Nice detective work. Though I'm not entirely sure whether that's the
correct approach as it might misjudge the situation where
IRQ_WAKE_THREAD is issued but the thread does not make progress at all.

Let me think about it some more.

Thanks,

        tglx
Re: [PATCH] FIXUP: genirq: defuse spurious-irq timebomb
Posted by Thomas Gleixner 1 year, 4 months ago
Pete!

Sorry for the delay.

On Sun, Jul 07 2024 at 20:39, Thomas Gleixner wrote:
> On Fri, Jun 14 2024 at 21:42, Pete Swain wrote:
>> The flapping-irq detector still has a timebomb.
>>
>> A pathological workload, or test script,
>> can arm the spurious-irq timebomb described in
>>   4f27c00bf80f ("Improve behaviour of spurious IRQ detect")
>>
>> This leads to irqs being moved the much slower polled mode,
>> despite the actual unhandled-irq rate being well under the
>> 99.9k/100k threshold that the code appears to check.
>>
>> How?
>>   - Queued completion handler, like nvme, servicing events
>>     as they appear in the queue, even if the irq corresponding
>>     to the event has not yet been seen.
>>
>>   - queues frequently empty, so seeing "spurious" irqs
>>     whenever the last events of a threaded handler's
>>       while (events_queued()) process_them();
>>     ends with those events' irqs posted while thread was scanning.
>>     In this case the while() has consumed last event(s),
>>     so next handler says IRQ_NONE.

I'm still trying to understand the larger picture here. So what I decode
from your changelog is:

The threaded handler can drain the events. While doing so the
non-threaded handler returns WAKE_THREAD and because the threaded
handler does not return these hard interrupts are accounted as spurious.
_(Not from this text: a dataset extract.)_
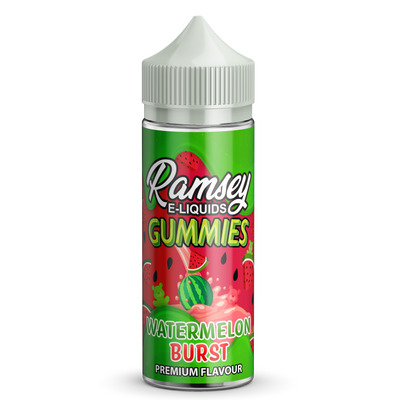 Watermelon Burst E-Liquid by Ramsey E-Liquids - Short Fills UK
>>   - In each run of "unhandled" irqs, exactly one IRQ_NONE response
>>     is promoted from IRQ_NONE to IRQ_HANDLED, by note_interrupt()'s
>>     SPURIOUS_DEFERRED logic.
>>
>>   - Any 2+ unhandled-irq runs will increment irqs_unhandled.
>>     The time_after() check in note_interrupt() resets irqs_unhandled
>>     to 1 after an idle period, but if irqs are never spaced more
>>     than HZ/10 apart, irqs_unhandled keeps growing.
>>
>>   - During processing of long completion queues, the non-threaded
>>     handlers will return IRQ_WAKE_THREAD, for potentially thousands
>>     of per-event irqs. These bypass note_interrupt()'s irq_count++ logic,
>>     so do not count as handled, and do not invoke the flapping-irq
>>     logic.

They cannot count as handled because they are not handling
anything. They only wake the thread and the thread handler is the one
which needs to decide whether it had something to handle or not.

>>   - When the _counted_ irq_count reaches the 100k threshold,
>>     it's possible for irqs_unhandled > 99.9k to force a move
>>     to polling mode, even though many millions of _WAKE_THREAD
>>     irqs have been handled without being counted.
>>
>> Solution: include IRQ_WAKE_THREAD events in irq_count.
>> Only when IRQ_NONE responses outweigh (IRQ_HANDLED + IRQ_WAKE_THREAD)
>> by the old 99:1 ratio will an irq be moved to polling mode.
>
> Nice detective work. Though I'm not entirely sure whether that's the
> correct approach as it might misjudge the situation where
> IRQ_WAKE_THREAD is issued but the thread does not make progress at all.

Ok. That won't happen because the SPURIOUS_DEFERRED bit stays set as
before.

Now looking deeper what your patch does. Contrary to the current code
the very first hard interrupt of a particular queue is accounted in
desc->irq_count.

Everything else stays the same:

  - SPURIOUS_DEFERRED is sticky unless the hard interrupt handler returns
    IRQ_HANDLED, which is not the case in the NVME scenario. So the
    !SPURIOUS_DEFERRED code path is only taken once.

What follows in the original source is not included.